• _ENTRIES SHOWN_
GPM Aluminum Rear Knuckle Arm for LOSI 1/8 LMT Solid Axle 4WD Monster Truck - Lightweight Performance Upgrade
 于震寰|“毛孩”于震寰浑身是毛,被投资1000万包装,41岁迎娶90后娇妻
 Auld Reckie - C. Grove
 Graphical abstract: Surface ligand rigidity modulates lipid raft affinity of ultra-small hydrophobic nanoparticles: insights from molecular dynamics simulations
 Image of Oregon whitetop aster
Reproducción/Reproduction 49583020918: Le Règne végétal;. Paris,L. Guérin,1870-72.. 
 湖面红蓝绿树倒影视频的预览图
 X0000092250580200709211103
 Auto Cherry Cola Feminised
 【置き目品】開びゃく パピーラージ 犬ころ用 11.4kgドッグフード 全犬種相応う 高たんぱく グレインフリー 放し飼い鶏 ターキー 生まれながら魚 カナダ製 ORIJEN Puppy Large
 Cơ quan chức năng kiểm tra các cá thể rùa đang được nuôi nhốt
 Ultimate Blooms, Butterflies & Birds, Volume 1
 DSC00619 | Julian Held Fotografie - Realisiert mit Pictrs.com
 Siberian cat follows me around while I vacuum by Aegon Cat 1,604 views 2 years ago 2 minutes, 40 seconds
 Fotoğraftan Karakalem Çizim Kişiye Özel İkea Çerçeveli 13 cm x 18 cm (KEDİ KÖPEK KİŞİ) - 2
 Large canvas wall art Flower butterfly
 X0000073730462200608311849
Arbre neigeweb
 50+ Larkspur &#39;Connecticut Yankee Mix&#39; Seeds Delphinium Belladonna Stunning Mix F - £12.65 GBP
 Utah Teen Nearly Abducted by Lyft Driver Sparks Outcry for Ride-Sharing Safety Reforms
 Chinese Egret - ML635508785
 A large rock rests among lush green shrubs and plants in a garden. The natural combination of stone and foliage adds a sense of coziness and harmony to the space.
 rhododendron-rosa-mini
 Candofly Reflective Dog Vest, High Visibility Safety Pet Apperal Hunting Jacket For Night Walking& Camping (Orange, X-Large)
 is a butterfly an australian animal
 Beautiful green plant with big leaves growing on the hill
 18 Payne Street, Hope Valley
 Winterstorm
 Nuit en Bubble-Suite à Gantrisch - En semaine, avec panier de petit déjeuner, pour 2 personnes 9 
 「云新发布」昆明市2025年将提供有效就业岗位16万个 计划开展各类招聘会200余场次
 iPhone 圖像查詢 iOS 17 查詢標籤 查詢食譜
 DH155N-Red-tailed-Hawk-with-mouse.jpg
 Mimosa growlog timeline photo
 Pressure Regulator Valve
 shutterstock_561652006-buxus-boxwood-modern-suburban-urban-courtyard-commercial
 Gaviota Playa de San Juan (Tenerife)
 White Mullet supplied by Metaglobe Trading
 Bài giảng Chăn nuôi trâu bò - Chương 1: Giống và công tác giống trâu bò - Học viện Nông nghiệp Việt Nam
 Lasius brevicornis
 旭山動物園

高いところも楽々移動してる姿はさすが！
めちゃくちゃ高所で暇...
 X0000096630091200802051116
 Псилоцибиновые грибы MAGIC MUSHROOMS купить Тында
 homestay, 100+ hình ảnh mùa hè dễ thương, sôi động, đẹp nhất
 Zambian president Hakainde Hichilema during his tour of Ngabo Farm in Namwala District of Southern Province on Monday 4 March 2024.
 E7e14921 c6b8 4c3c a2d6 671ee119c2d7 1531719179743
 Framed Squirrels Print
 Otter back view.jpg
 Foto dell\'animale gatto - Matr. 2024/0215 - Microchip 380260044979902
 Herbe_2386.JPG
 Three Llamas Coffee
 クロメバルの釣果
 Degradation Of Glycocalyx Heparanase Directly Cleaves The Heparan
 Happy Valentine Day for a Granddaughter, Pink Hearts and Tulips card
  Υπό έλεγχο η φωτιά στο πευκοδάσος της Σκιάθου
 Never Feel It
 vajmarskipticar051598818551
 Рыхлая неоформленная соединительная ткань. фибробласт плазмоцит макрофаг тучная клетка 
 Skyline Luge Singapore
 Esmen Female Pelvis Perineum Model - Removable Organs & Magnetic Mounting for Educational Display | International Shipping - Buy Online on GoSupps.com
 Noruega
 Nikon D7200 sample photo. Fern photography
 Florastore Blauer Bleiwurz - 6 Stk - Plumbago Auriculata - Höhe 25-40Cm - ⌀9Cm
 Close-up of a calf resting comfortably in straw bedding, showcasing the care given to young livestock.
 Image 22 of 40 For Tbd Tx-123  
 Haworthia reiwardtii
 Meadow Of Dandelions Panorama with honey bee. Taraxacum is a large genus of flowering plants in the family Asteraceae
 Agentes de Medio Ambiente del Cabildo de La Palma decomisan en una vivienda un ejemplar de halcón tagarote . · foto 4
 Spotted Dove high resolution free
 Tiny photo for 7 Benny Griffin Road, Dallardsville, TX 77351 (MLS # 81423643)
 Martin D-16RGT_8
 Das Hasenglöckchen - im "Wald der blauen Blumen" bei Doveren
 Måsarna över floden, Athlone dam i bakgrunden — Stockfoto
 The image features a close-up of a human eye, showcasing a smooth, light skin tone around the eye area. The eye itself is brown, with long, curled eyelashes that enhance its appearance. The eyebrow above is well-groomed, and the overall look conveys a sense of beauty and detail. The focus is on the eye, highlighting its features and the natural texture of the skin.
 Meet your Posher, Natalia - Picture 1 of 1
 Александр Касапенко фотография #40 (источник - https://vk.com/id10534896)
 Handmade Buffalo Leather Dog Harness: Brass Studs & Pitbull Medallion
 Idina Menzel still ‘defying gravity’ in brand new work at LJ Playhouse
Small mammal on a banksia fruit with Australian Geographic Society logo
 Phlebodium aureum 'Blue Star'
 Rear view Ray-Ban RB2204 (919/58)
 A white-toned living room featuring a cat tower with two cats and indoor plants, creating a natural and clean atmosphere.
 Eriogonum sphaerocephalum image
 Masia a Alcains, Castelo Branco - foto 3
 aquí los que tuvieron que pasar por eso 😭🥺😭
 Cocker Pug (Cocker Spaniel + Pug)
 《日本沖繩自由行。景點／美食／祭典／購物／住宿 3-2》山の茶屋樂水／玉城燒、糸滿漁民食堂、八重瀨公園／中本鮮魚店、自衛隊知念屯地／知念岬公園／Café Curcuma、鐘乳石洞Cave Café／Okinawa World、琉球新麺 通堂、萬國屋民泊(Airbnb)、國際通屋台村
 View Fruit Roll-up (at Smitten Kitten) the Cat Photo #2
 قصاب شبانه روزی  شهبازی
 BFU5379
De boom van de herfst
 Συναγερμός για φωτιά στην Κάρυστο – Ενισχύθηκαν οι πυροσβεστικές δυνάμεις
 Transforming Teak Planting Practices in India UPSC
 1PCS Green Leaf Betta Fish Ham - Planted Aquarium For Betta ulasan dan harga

• _TASK DIRECTIONS_
In this exercise, repeat all entries exactly.

• _WRITTEN SOLUTION_
GPM Aluminum Rear Knuckle Arm for LOSI 1/8 LMT Solid Axle 4WD Monster Truck - Lightweight Performance Upgrade
 于震寰|“毛孩”于震寰浑身是毛,被投资1000万包装,41岁迎娶90后娇妻
 Auld Reckie - C. Grove
 Graphical abstract: Surface ligand rigidity modulates lipid raft affinity of ultra-small hydrophobic nanoparticles: insights from molecular dynamics simulations
 Image of Oregon whitetop aster
Reproducción/Reproduction 49583020918: Le Règne végétal;. Paris,L. Guérin,1870-72.. 
 湖面红蓝绿树倒影视频的预览图
 X0000092250580200709211103
 Auto Cherry Cola Feminised
 【置き目品】開びゃく パピーラージ 犬ころ用 11.4kgドッグフード 全犬種相応う 高たんぱく グレインフリー 放し飼い鶏 ターキー 生まれながら魚 カナダ製 ORIJEN Puppy Large
 Cơ quan chức năng kiểm tra các cá thể rùa đang được nuôi nhốt
 Ultimate Blooms, Butterflies & Birds, Volume 1
 DSC00619 | Julian Held Fotografie - Realisiert mit Pictrs.com
 Siberian cat follows me around while I vacuum by Aegon Cat 1,604 views 2 years ago 2 minutes, 40 seconds
 Fotoğraftan Karakalem Çizim Kişiye Özel İkea Çerçeveli 13 cm x 18 cm (KEDİ KÖPEK KİŞİ) - 2
 Large canvas wall art Flower butterfly
 X0000073730462200608311849
Arbre neigeweb
 50+ Larkspur &#39;Connecticut Yankee Mix&#39; Seeds Delphinium Belladonna Stunning Mix F - £12.65 GBP
 Utah Teen Nearly Abducted by Lyft Driver Sparks Outcry for Ride-Sharing Safety Reforms
 Chinese Egret - ML635508785
 A large rock rests among lush green shrubs and plants in a garden. The natural combination of stone and foliage adds a sense of coziness and harmony to the space.
 rhododendron-rosa-mini
 Candofly Reflective Dog Vest, High Visibility Safety Pet Apperal Hunting Jacket For Night Walking& Camping (Orange, X-Large)
 is a butterfly an australian animal
 Beautiful green plant with big leaves growing on the hill
 18 Payne Street, Hope Valley
 Winterstorm
 Nuit en Bubble-Suite à Gantrisch - En semaine, avec panier de petit déjeuner, pour 2 personnes 9 
 「云新发布」昆明市2025年将提供有效就业岗位16万个 计划开展各类招聘会200余场次
 iPhone 圖像查詢 iOS 17 查詢標籤 查詢食譜
 DH155N-Red-tailed-Hawk-with-mouse.jpg
 Mimosa growlog timeline photo
 Pressure Regulator Valve
 shutterstock_561652006-buxus-boxwood-modern-suburban-urban-courtyard-commercial
 Gaviota Playa de San Juan (Tenerife)
 White Mullet supplied by Metaglobe Trading
 Bài giảng Chăn nuôi trâu bò - Chương 1: Giống và công tác giống trâu bò - Học viện Nông nghiệp Việt Nam
 Lasius brevicornis
 旭山動物園

高いところも楽々移動してる姿はさすが！
めちゃくちゃ高所で暇...
 X0000096630091200802051116
 Псилоцибиновые грибы MAGIC MUSHROOMS купить Тында
 homestay, 100+ hình ảnh mùa hè dễ thương, sôi động, đẹp nhất
 Zambian president Hakainde Hichilema during his tour of Ngabo Farm in Namwala District of Southern Province on Monday 4 March 2024.
 E7e14921 c6b8 4c3c a2d6 671ee119c2d7 1531719179743
 Framed Squirrels Print
 Otter back view.jpg
 Foto dell\'animale gatto - Matr. 2024/0215 - Microchip 380260044979902
 Herbe_2386.JPG
 Three Llamas Coffee
 クロメバルの釣果
 Degradation Of Glycocalyx Heparanase Directly Cleaves The Heparan
 Happy Valentine Day for a Granddaughter, Pink Hearts and Tulips card
  Υπό έλεγχο η φωτιά στο πευκοδάσος της Σκιάθου
 Never Feel It
 vajmarskipticar051598818551
 Рыхлая неоформленная соединительная ткань. фибробласт плазмоцит макрофаг тучная клетка 
 Skyline Luge Singapore
 Esmen Female Pelvis Perineum Model - Removable Organs & Magnetic Mounting for Educational Display | International Shipping - Buy Online on GoSupps.com
 Noruega
 Nikon D7200 sample photo. Fern photography
 Florastore Blauer Bleiwurz - 6 Stk - Plumbago Auriculata - Höhe 25-40Cm - ⌀9Cm
 Close-up of a calf resting comfortably in straw bedding, showcasing the care given to young livestock.
 Image 22 of 40 For Tbd Tx-123  
 Haworthia reiwardtii
 Meadow Of Dandelions Panorama with honey bee. Taraxacum is a large genus of flowering plants in the family Asteraceae
 Agentes de Medio Ambiente del Cabildo de La Palma decomisan en una vivienda un ejemplar de halcón tagarote . · foto 4
 Spotted Dove high resolution free
 Tiny photo for 7 Benny Griffin Road, Dallardsville, TX 77351 (MLS # 81423643)
 Martin D-16RGT_8
 Das Hasenglöckchen - im "Wald der blauen Blumen" bei Doveren
 Måsarna över floden, Athlone dam i bakgrunden — Stockfoto
 The image features a close-up of a human eye, showcasing a smooth, light skin tone around the eye area. The eye itself is brown, with long, curled eyelashes that enhance its appearance. The eyebrow above is well-groomed, and the overall look conveys a sense of beauty and detail. The focus is on the eye, highlighting its features and the natural texture of the skin.
 Meet your Posher, Natalia - Picture 1 of 1
 Александр Касапенко фотография #40 (источник - https://vk.com/id10534896)
 Handmade Buffalo Leather Dog Harness: Brass Studs & Pitbull Medallion
 Idina Menzel still ‘defying gravity’ in brand new work at LJ Playhouse
Small mammal on a banksia fruit with Australian Geographic Society logo
 Phlebodium aureum 'Blue Star'
 Rear view Ray-Ban RB2204 (919/58)
 A white-toned living room featuring a cat tower with two cats and indoor plants, creating a natural and clean atmosphere.
 Eriogonum sphaerocephalum image
 Masia a Alcains, Castelo Branco - foto 3
 aquí los que tuvieron que pasar por eso 😭🥺😭
 Cocker Pug (Cocker Spaniel + Pug)
 《日本沖繩自由行。景點／美食／祭典／購物／住宿 3-2》山の茶屋樂水／玉城燒、糸滿漁民食堂、八重瀨公園／中本鮮魚店、自衛隊知念屯地／知念岬公園／Café Curcuma、鐘乳石洞Cave Café／Okinawa World、琉球新麺 通堂、萬國屋民泊(Airbnb)、國際通屋台村
 View Fruit Roll-up (at Smitten Kitten) the Cat Photo #2
 قصاب شبانه روزی  شهبازی
 BFU5379
De boom van de herfst
 Συναγερμός για φωτιά στην Κάρυστο – Ενισχύθηκαν οι πυροσβεστικές δυνάμεις
 Transforming Teak Planting Practices in India UPSC
 1PCS Green Leaf Betta Fish Ham - Planted Aquarium For Betta ulasan dan harga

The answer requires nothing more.